高齢単身者の入居を拒む要因のひとつとなることが懸念されており、判断基準となるガイドラインが策定されました
(出典:国土交通省 「宅地建物取引業者による人の死の告知に関するガイドライン」)
ガイドラインの位置づけと適用範囲
このガイドラインは、過去に人の死が生じた物件を取り扱う際に、宅地建物取引業者が宅地建物取引業法上負うべき調査・告知義務について、過去の裁判例や取引実務に照らし、妥当と考えられる一般的な基準をまとめたものです。
告知の要否や告知内容については判断が困難なケースもあるため、ガイドラインに示されている対応を行わなかったことだけを理由に宅地建物取引業法違反となるわけではありません。

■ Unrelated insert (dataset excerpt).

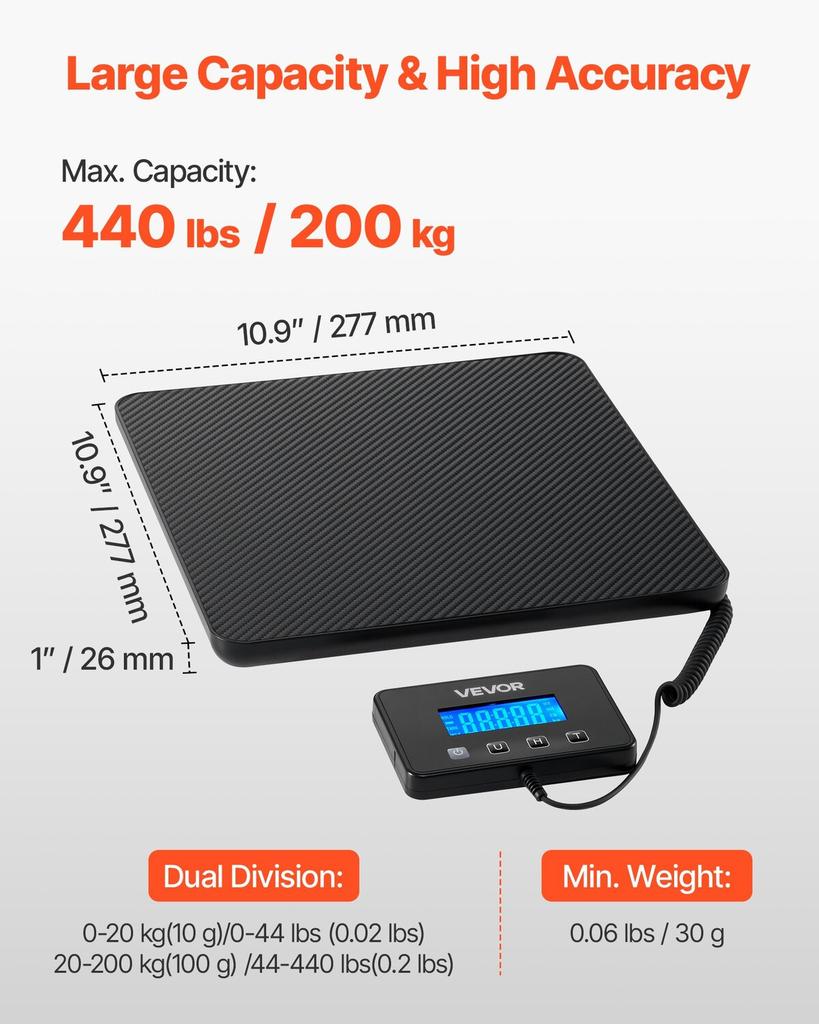 Digital Postal Scale, 10 g/100 g Dual Accuracy, 200 kg Commercial Weight Scale with Hold/Tare Function & LCD Display, Fit for Packages, Postage,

また、ガイドラインに沿った対応を行ったとしても、物件での人の死に関して取引相手との間に紛争が生じた場合の民事上の責任を必ずしも回避できるわけではない点に注意が必要です。
なお、ガイドラインの適用範囲は、人が継続的に生活する場として利用する居住用不動産となっており、オフィスなど事業用の不動産は対象外です。
不動産会社に求められる調査義務はどこまで?
ガイドラインでは、宅地建物取引業者は、原則として売主や貸主、管理会社から情報提供を受ける以外に、周辺住民への聞き込みを行ったり、インターネットで調査したりといった自発的な調査を行う義務は負いません。
通常の不動産取引でも提出される告知書(物件状況報告書)への記載を売主などに求めることで、媒介活動における調査義務を果たしたものと考えられます。

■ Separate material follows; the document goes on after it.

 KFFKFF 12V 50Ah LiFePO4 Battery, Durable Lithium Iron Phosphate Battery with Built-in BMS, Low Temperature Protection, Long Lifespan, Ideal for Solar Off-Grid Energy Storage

もっとも、売主や買主が告知書に適切に記載できるよう、記載例を示すなど必要に応じた助言をするとともに、故意に告知しなかった場合は、民事上の責任を問われる可能性がある旨を伝えることが望ましいといえます。
なお、調査の過程で人の死に関する事案の存在を疑う事情がある場合は、売主や貸主に確認する必要があります。
宅地建物取引業者には不動産の販売活動において情報収集も必要な業務として位置づけられていますが、特段の事情がなければ、人の死に関する事案が発生したか否かを自発的に調査する義務は認められていません
人の死の告知に関するガイドラインが示す告知義務
人の死に関する事案について、ガイドラインが示す告知の要否の判断基準と告知すべき内容について解説します。
告知しなくてもよい3つのケース
ガイドラインでは、告知しなくてもよいケースとして次の3つの基準を挙げています。
1.自然死・日常生活での不慮の事故死
賃貸借および売買取引いずれにおいても、原則として自然死や自宅の階段からの転落死など、日常生活の中で発生したと捉えられる不慮の事故死については、告知義務はありません。

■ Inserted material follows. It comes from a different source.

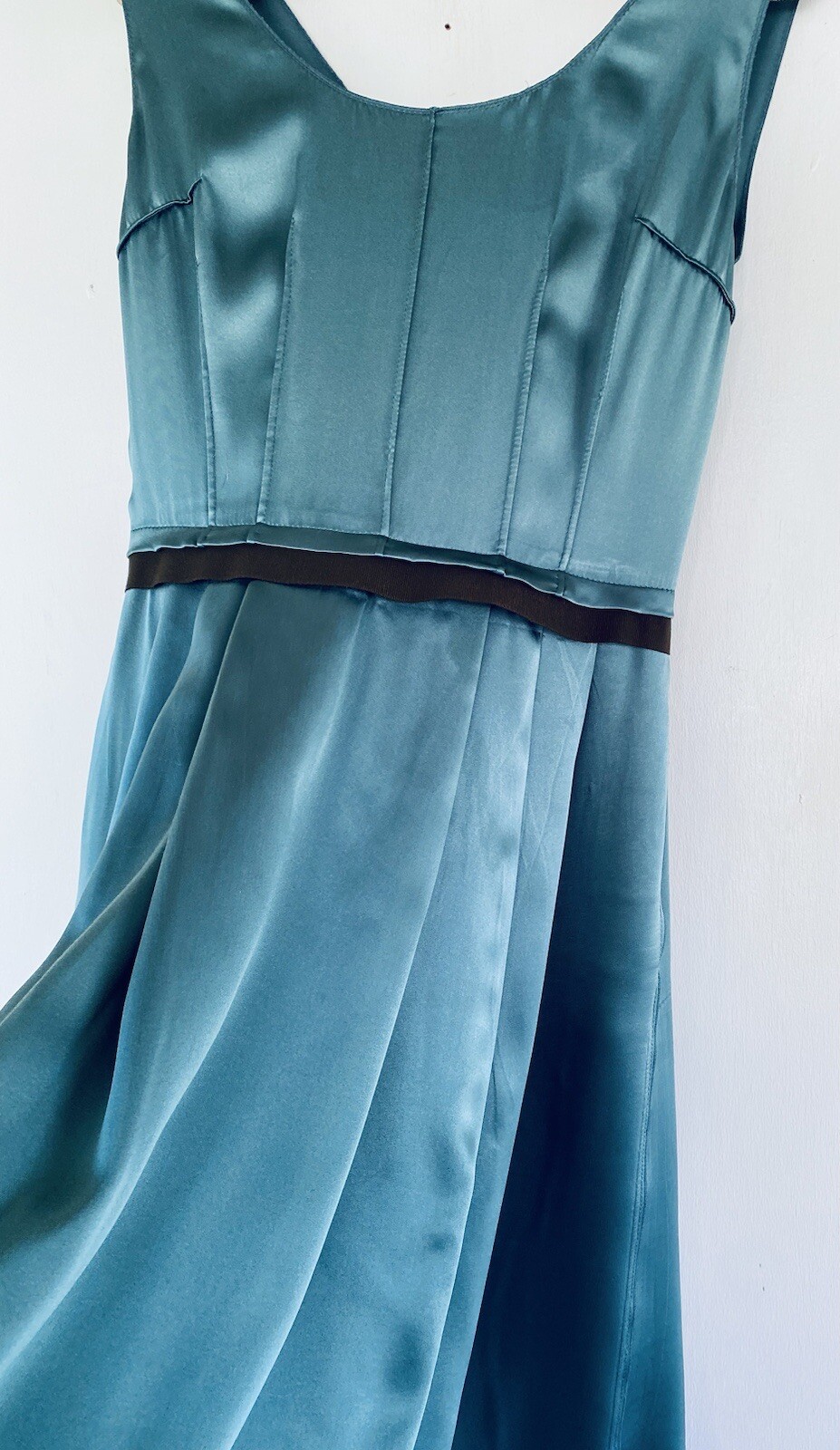Dolce & Gabbana Vintage Teal Silk Cocktail Dress w/ Grosgrain Ribbon Sash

2.「1以外の死が発生」または「特殊清掃などが行われることになった1の死の発覚」からおおむね3年経過した場合
該当の物件で1以外の死が発生した場合や特殊清掃が行われた場合は、買主や借主が契約を行うかどうかを判断する際に重要な影響を及ぼす可能性があるため、告知が必要です。
ただし、賃貸取引に関しては、原則として、事案発生からおおむね3年が経過すると告知義務がなくなります(売買取引に関しては3年を経過しても告知義務あり)。
なお、専用で使用するベランダや玄関、エレベーターなど借主が日常的に使用する共用部分で発生した事案についても、取引対象の不動産(部屋)と同様に取り扱う必要がある点に注意してください。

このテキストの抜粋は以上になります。